Task data —
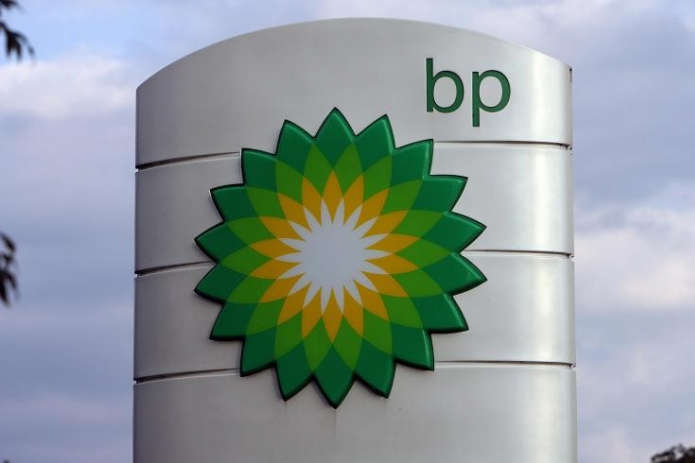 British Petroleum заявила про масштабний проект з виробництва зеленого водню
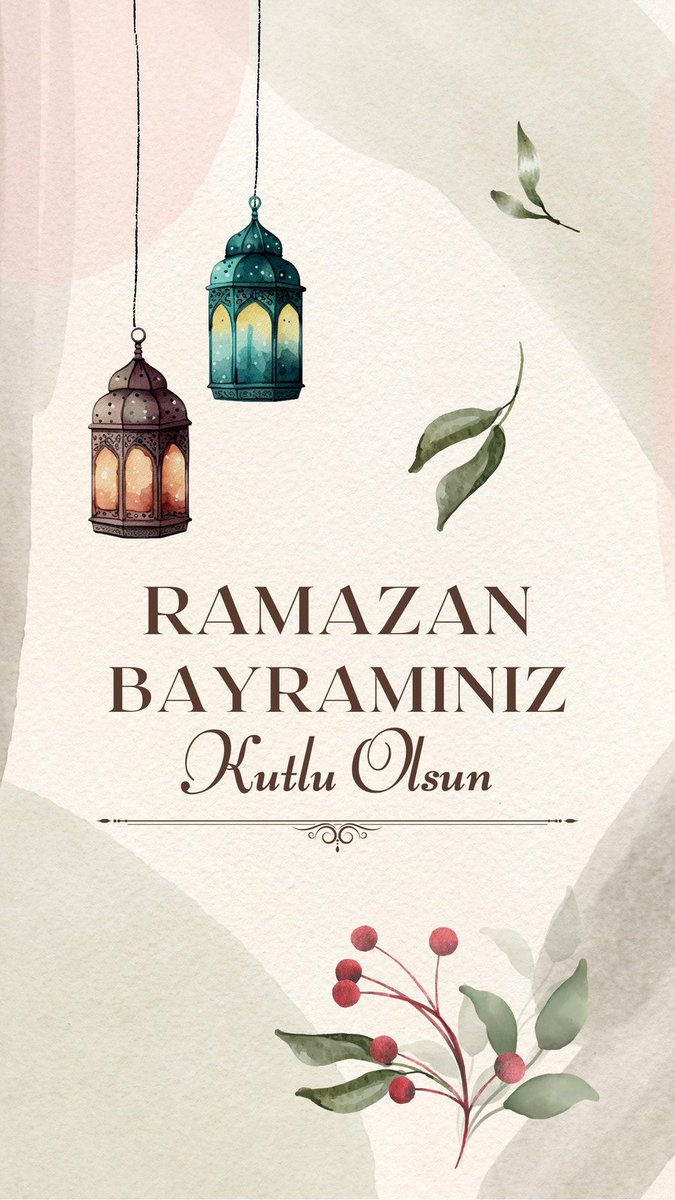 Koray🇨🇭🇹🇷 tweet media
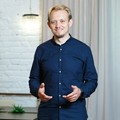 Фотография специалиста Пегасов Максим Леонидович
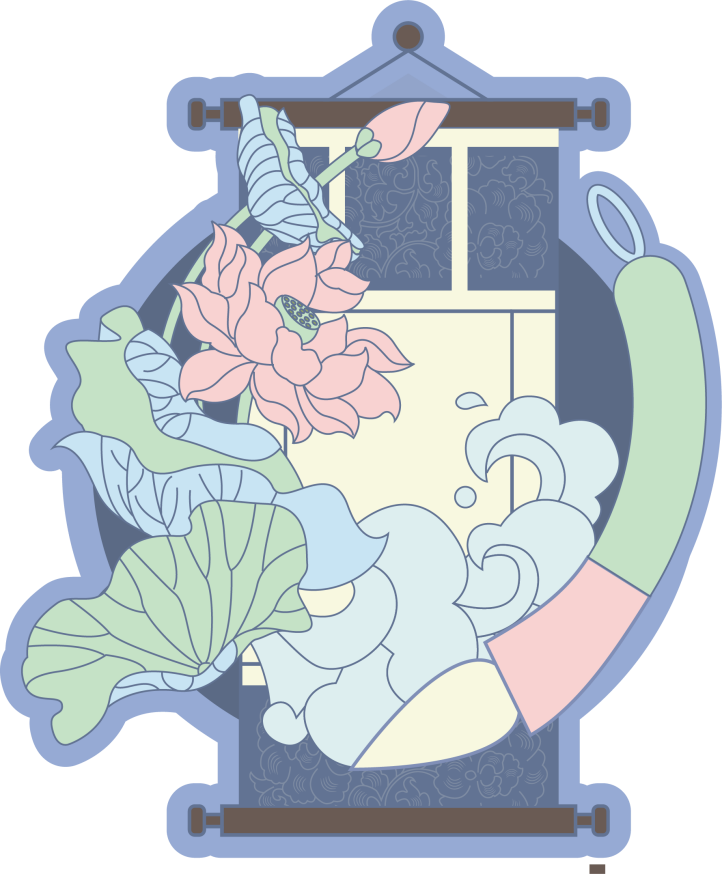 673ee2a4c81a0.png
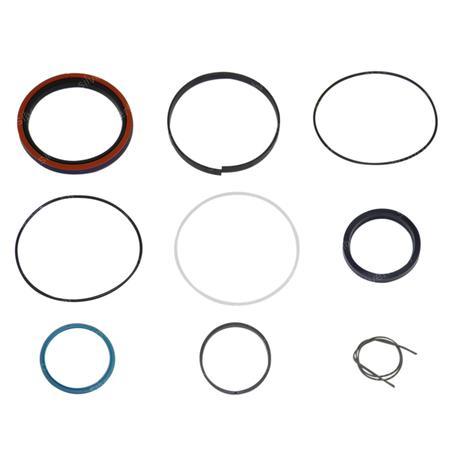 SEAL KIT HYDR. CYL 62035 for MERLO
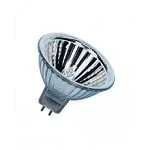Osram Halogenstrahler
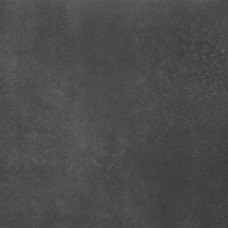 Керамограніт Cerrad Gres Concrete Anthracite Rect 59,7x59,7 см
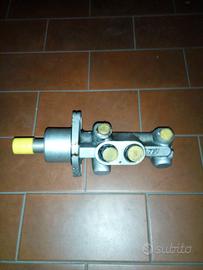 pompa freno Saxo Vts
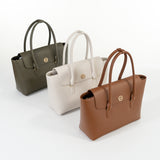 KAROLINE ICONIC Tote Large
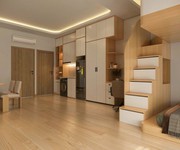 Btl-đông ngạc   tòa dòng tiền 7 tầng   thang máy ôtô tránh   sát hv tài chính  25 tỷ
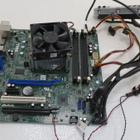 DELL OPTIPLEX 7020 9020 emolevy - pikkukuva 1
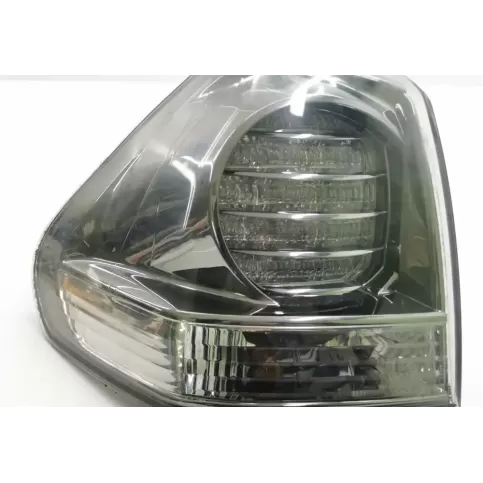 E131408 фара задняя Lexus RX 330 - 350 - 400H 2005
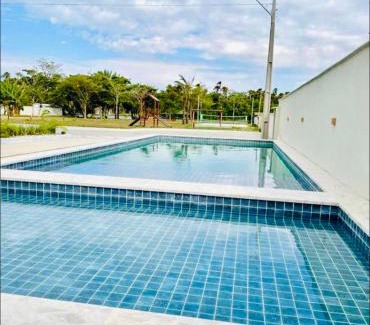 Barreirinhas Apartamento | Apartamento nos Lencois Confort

Task directions — Please print each of the records word for word, keeping the pictures out.

Solution to this problem —
 British Petroleum заявила про масштабний проект з виробництва зеленого водню
 Koray🇨🇭🇹🇷 tweet media
 Фотография специалиста Пегасов Максим Леонидович
 673ee2a4c81a0.png
 SEAL KIT HYDR. CYL 62035 for MERLO
Osram Halogenstrahler
 Керамограніт Cerrad Gres Concrete Anthracite Rect 59,7x59,7 см
 pompa freno Saxo Vts
 KAROLINE ICONIC Tote Large
 Btl-đông ngạc   tòa dòng tiền 7 tầng   thang máy ôtô tránh   sát hv tài chính  25 tỷ
 DELL OPTIPLEX 7020 9020 emolevy - pikkukuva 1
 E131408 фара задняя Lexus RX 330 - 350 - 400H 2005
 Barreirinhas Apartamento | Apartamento nos Lencois Confort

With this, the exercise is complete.